Whether you are eligible for a waiver depends on the immigration benefit you are seeking and the reason for your inadmissibility. If you are an applicant for an immigrant, K, or V nonimmigrant visa (and you are outside the United States, have had a visa interview with a consular officer, and during the interview, you were found inadmissible,) or you are an applicant for adjustment of status to lawful permanent residence (excluding adjustment categories listed below,) you may file this application to obtain relief from the following grounds:
1. Health-related grounds of inadmissibility (INA section 212(a)(1))
2. Certain criminal grounds of inadmissibility (INA section 212(a)(2))
3. Immigration fraud and misrepresentation (INA section 212(a)(6)(c))
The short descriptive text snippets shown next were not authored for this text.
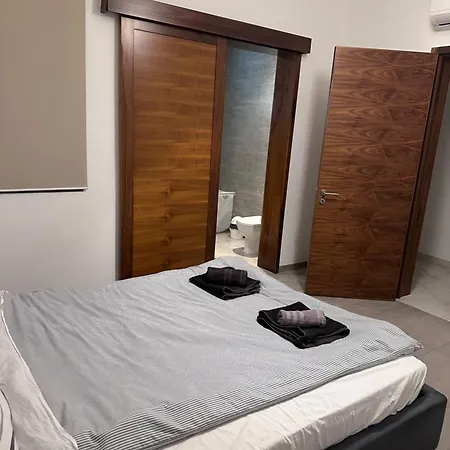 Lovely Seaview Two Bedroom Unit In Tas-sliema Apartament Sliema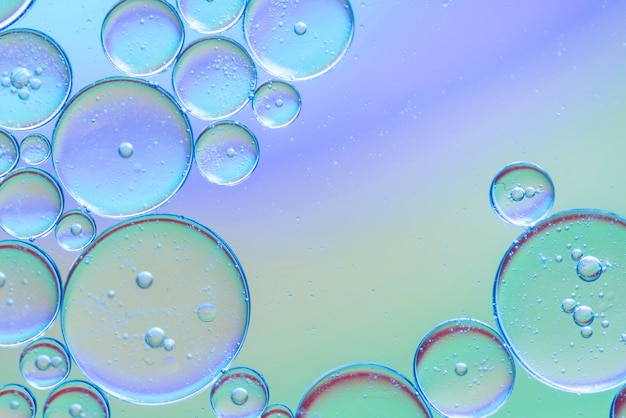 Zachte blauwe abstracte achtergrond met bubbels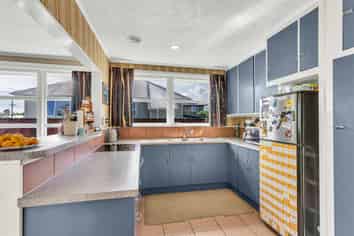 40A Henley Street, Westport
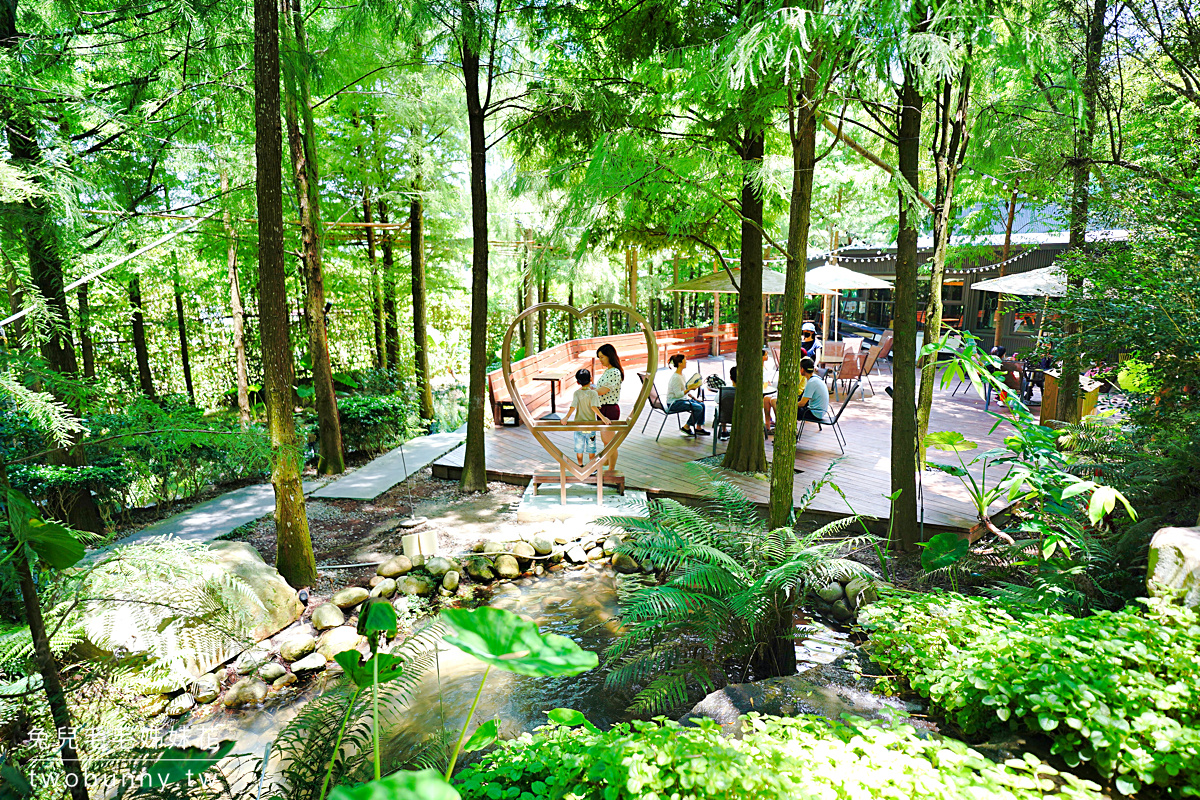 鹿寮享自在｜台中景觀餐廳～落羽松庭園裡的玻璃屋景觀餐廳，還能餵羊咩咩、餵魚 @兔兒毛毛姊妹花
4. Immigrant membership in totalitarian party (INA section 212(a)(3))
5. Alien smuggler (INA section 212(a)(6)(E))
6. Being subject to civil penalty (INA section 212(a)(6)(F))
7. The 3-year or 10-year bar due to previous unlawful presence in the United States (INA section 212(a)(9)(B))
If you are an applicant for an immigrant visa or adjustment of status as a Violence Against Women Act (VAWA) self-petitioner or the child of a VAWA self-petitioner, you may file this application to obtain relief from the following grounds:
1. All grounds listed for the adjustment of status applicants.
2. Unlawfully present after previous immigration violations (INA section 212(a)(9)(C))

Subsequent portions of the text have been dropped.